■ Exercise directions
In the entries below, find the line with "Quelltabletten OwnGrown BEGR-300150, 125" and transcribe it and every line after it exactly, through the last line, without pictures.

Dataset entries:
****************
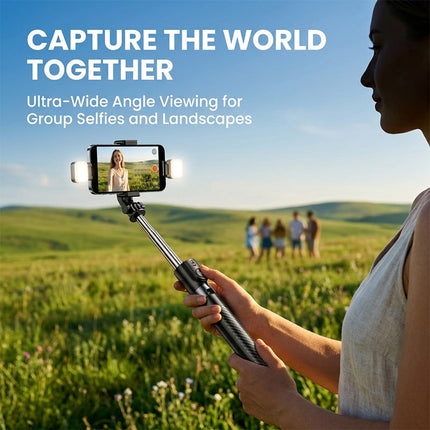Selfie Stick Tripod with Wireless Remote, Tall Aluminum Phone Stand for Filming – image 15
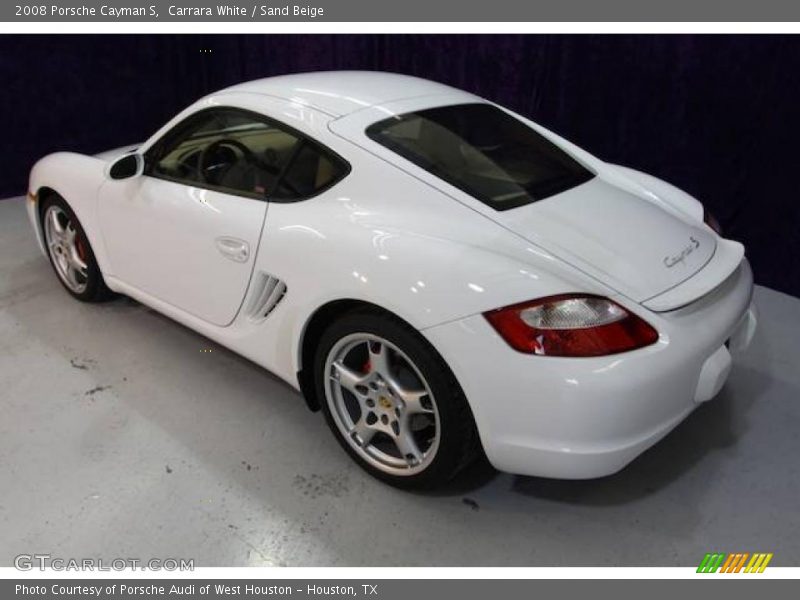 Carrara White / Sand Beige 2008 Porsche Cayman S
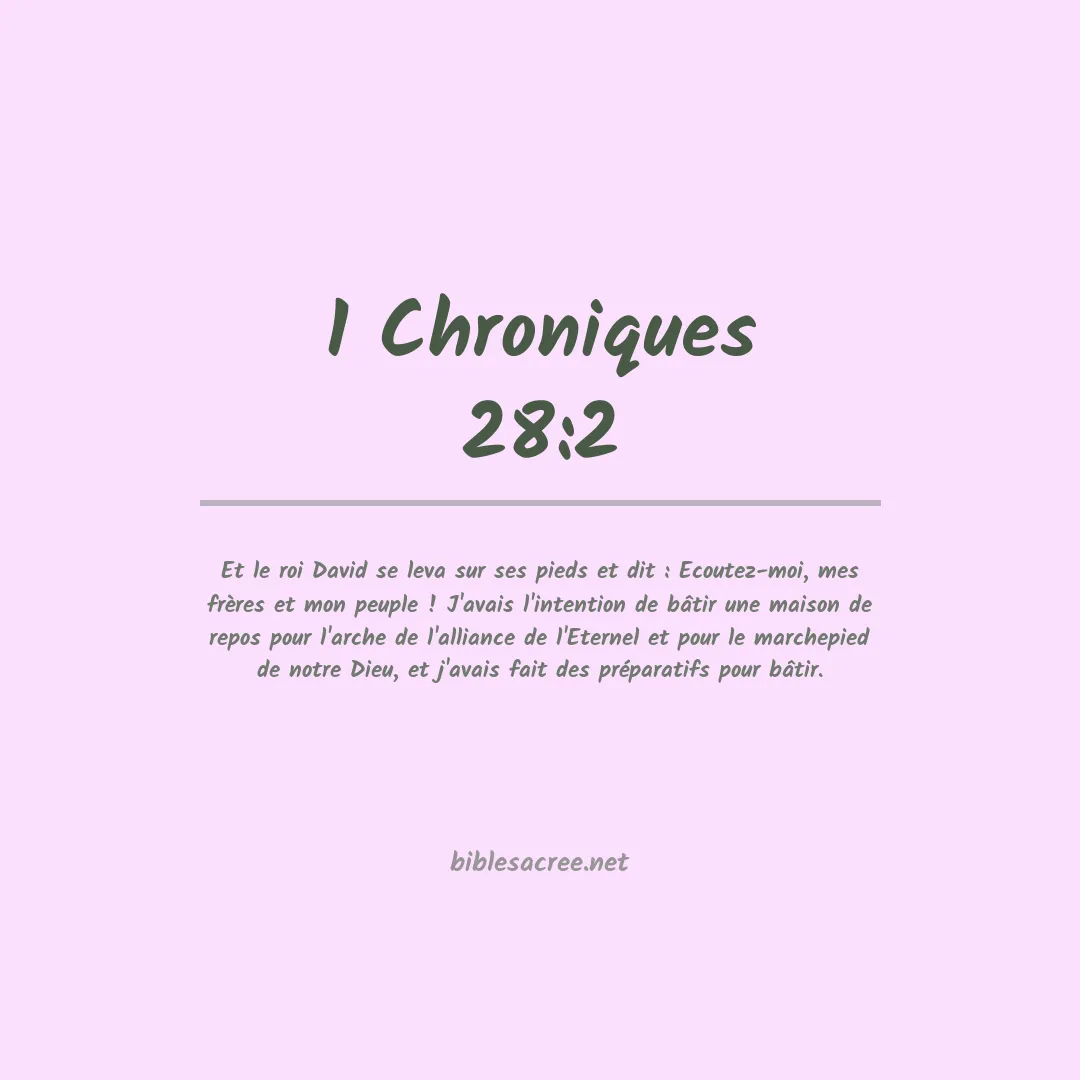 1 Chroniques - 28:2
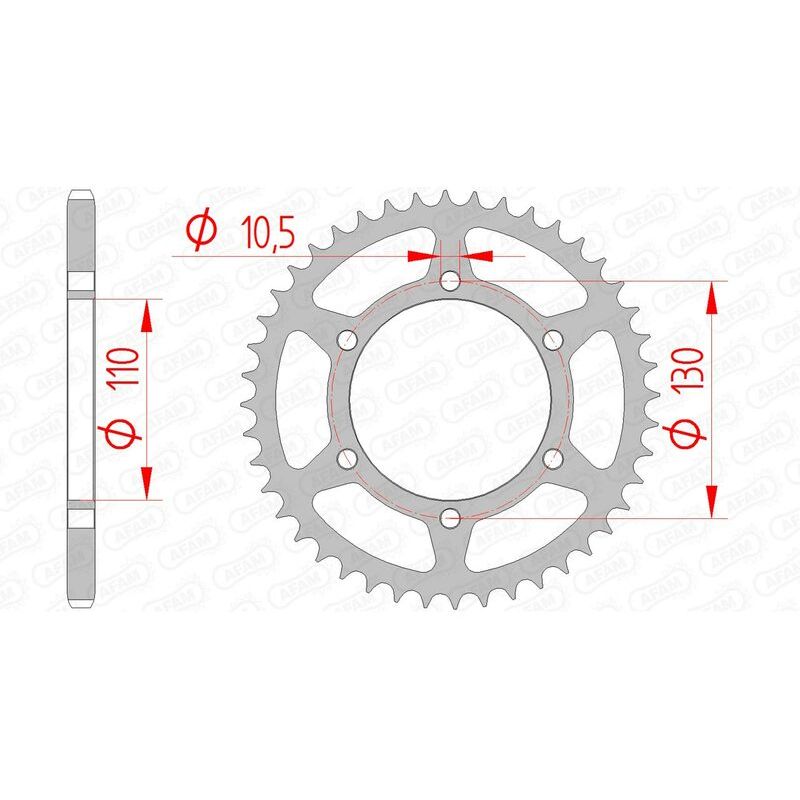 Couronne AFAM acier standard - 520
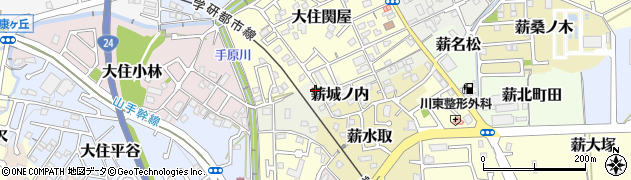 京都府京田辺市薪城ノ内24周辺の地図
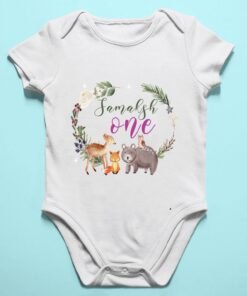 Alternative view of Personalized First Birthday Baby Rompers/T-Shirts
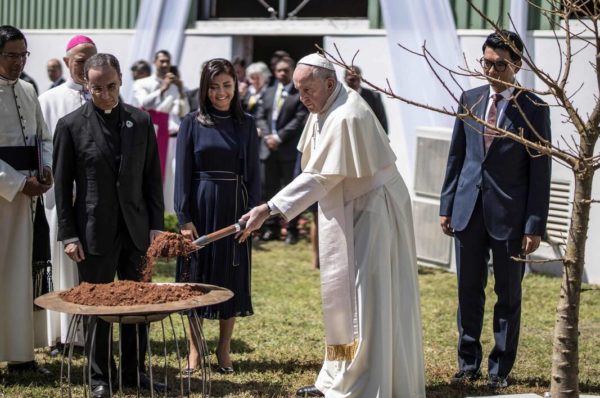 Le pape François pousse un cri d’alarme sur la déforestation de Madagascar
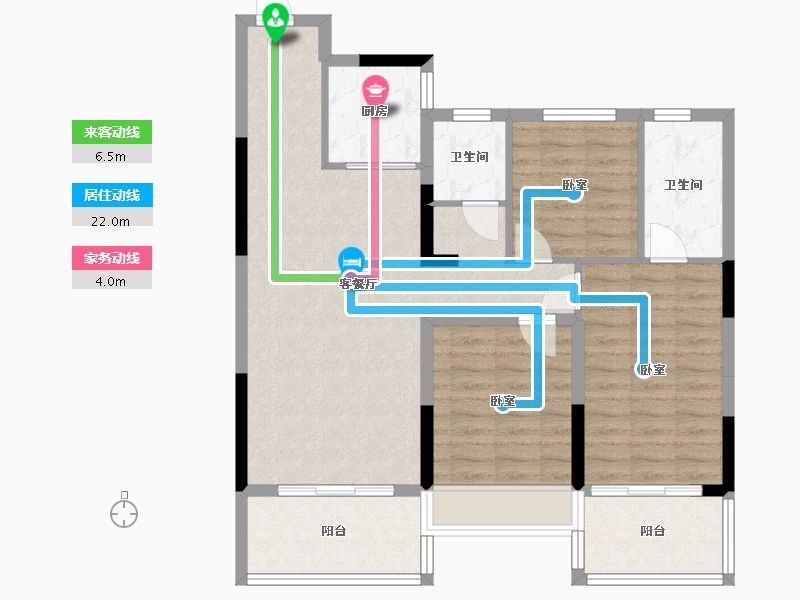 河南省-南阳市-社旗三杰•盛世城-92.00-户型库-动静线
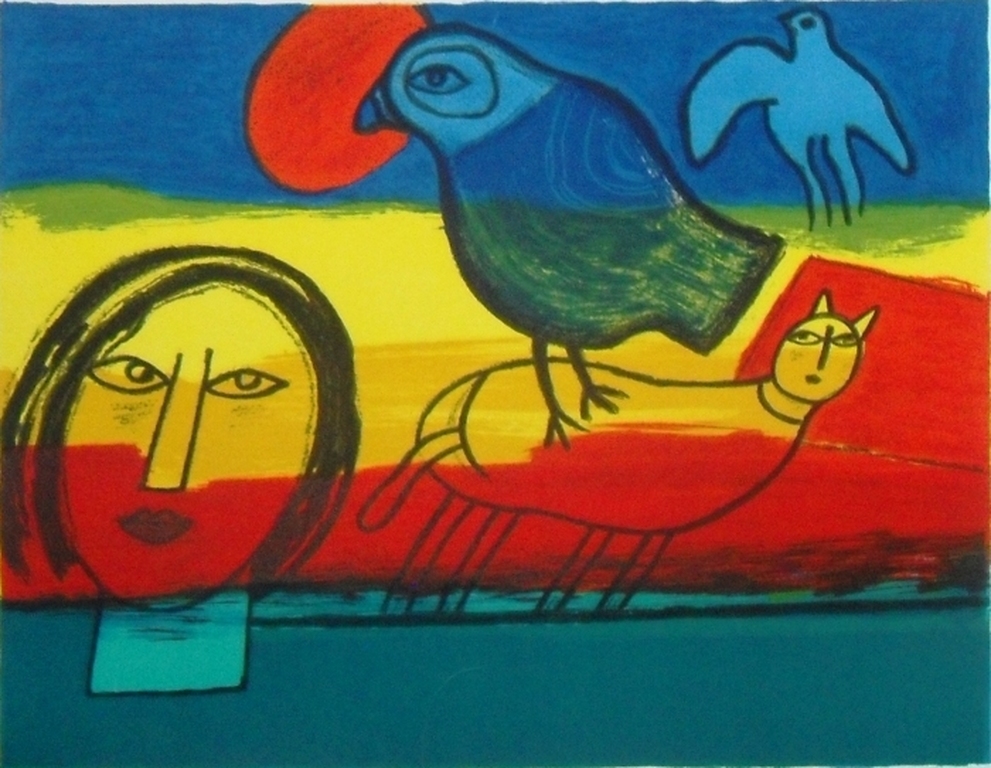 Corneille : vrouw, vogels, kat en zon kopen? Bied vanaf 1!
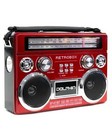 Dolphin Sp-411bt Retrobox Portable Bluetooth Am fm Radio   Mp3 Speaker W antenna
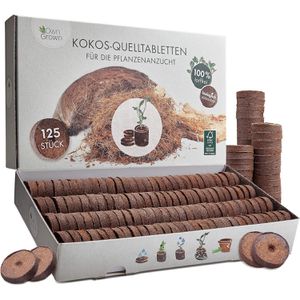 Quelltabletten OwnGrown BEGR-300150, 125 Stück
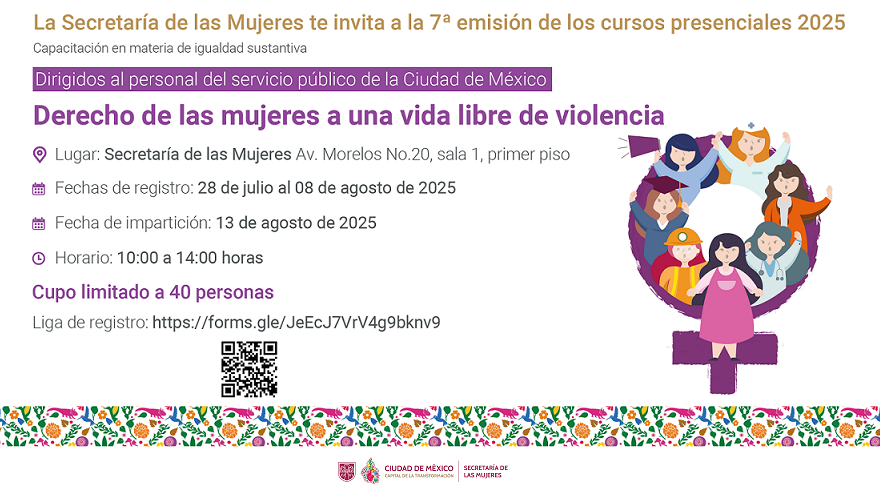 Curso Derechos de las mujeres a una vida libre de violencia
****************
■ Your solution
 Quelltabletten OwnGrown BEGR-300150, 125 Stück
 Curso Derechos de las mujeres a una vida libre de violencia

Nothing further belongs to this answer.